UJ Lecturer Sizwe Mkwanazi named a Rhodes Scholar-elect 2017

​An assistant lecturer in the Faculty of Management at the University of Johannesburg, Mr Sizwe Mkwanazi, has been named a Rhodes Scholar-elect for 2017. Currently working in the UJ Department of Business Management, he is now waiting to hear that he has been placed in a Department or Faculty of the University of Oxford, UK, to confirm the Scholarship.

See his Rhodes Scholar-elect entry here.

Mr Mkwanazi is the UJ co-faculty Advisor for Enactus, a global organisation bringing together student, academic and business leaders, committed to using entrepreneurial action to improve lives.

He had been involved in community development through various initiatives. Amongst those initiatives was the founding of the Youth For Action Rural Youth Development Foundation in 2011 and working on Community Service Learning with Co-operatives in Soweto under Enactus.

“I grew up in Platrand Farm, just outside Standerton. I completed my secondary school education at the Gert Sibande TVET College with a National Certificate (Vocational) in Office Administration and joined UJ as an undergraduate student in 2011,” he says.

Mkwanazi studied for a National Diploma in Small Business Management, BTech. Management Services at UJ. He submitted a Dissertation for MTech in Operations Management at the end of 2016, supervised by UJ researcher Professor Charles Mbohwa. Also in 2016, he completed a Post-Graduate Diploma in Management from North West University.

“As a person I value my community and I belong to the lower class of people – I live, eat, suffer and rejoice with them. I believe that through co-operatives most problems of the people I belong with lives would be better,” says Mkwanazi.

He adds: “Thanks to Mrs Joyce Sibeko (Lecturer at the UJ Department of Business Management) who introduced me to co-operatives, I had an opportunity to meet 84 sewing co-operatives in Gauteng during my Master’s research, which improved my understanding of co-operatives and their role in community development.”

“I also thank Mr Dirk Rossouw, Professor Charles Mbohwa, Ms Moosa Maseko and Professor Tshilidzi Marwala for proving references towards the Rhodes Trust Scholarship and for Oxford Academic Applications. A presentation by the Rhodes Scholars-elect on how one can apply for this scholarship will be held sometime in March on UJ Kingsway Campus and communication will be shared accordingly,” says Mkwanazi.

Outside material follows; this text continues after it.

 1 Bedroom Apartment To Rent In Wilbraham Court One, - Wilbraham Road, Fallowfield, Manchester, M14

Mkwanazi has published conference papers on the theme of Co-operatives Operational Performance and Entrepreneurship. In future he hopes to work with the International Cooperatives Alliance in promotion of production and community-based cooperatives globally.

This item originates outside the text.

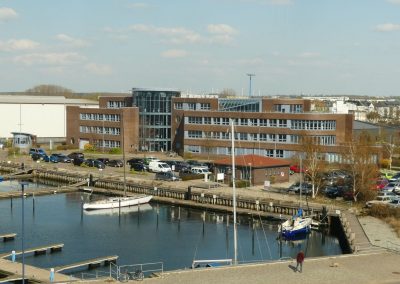 Parkhaus im Weltkulturerbe Wismar - fröhlich, ohne Kitsch und ungetarnt, dafür aber mit Aussicht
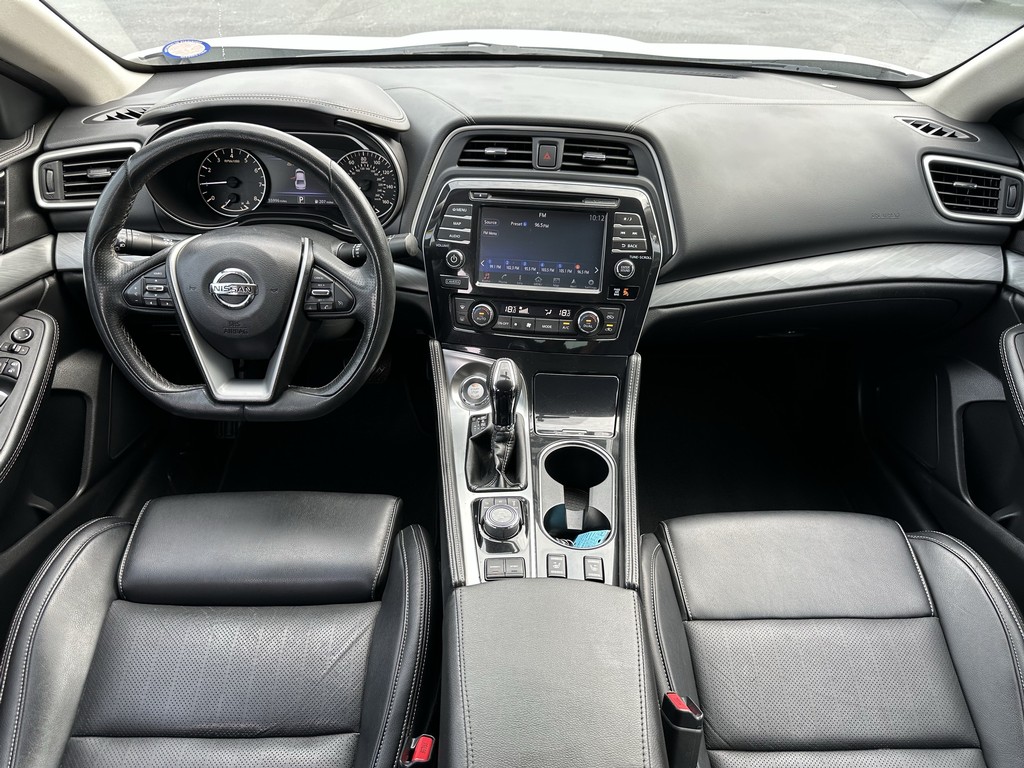 Nissan Maxima Vehicle Full-screen Gallery Image 09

He hopes to pursue Management Studies at the University of Oxford.

A Rhodes Scholarship is confirmed once a successful candidate has been offered a place in a Department or Faculty of the University of Oxford and in a college.

The Rhodes Scholarship selection committees seek young women and men of outstanding intellect, character, leadership, and commitment to service. The Rhodes Scholarships support students from across the globe who demonstrate a strong propensity to emerge as ‘leaders for the world’s future’.

A Rhodes Scholarship covers all University and College fees, a personal stipend and one economy class airfare to the University of Oxford in the United Kingdom at the start of the Scholarship, as well as an economy flight back to the student’s home country at the conclusion of the Scholarship.

In 2015, Mkwanazi was awarded an Africa-only Mandela Rhodes Scholarship. These scholarships aim to build exceptional leadership capacity in Africa.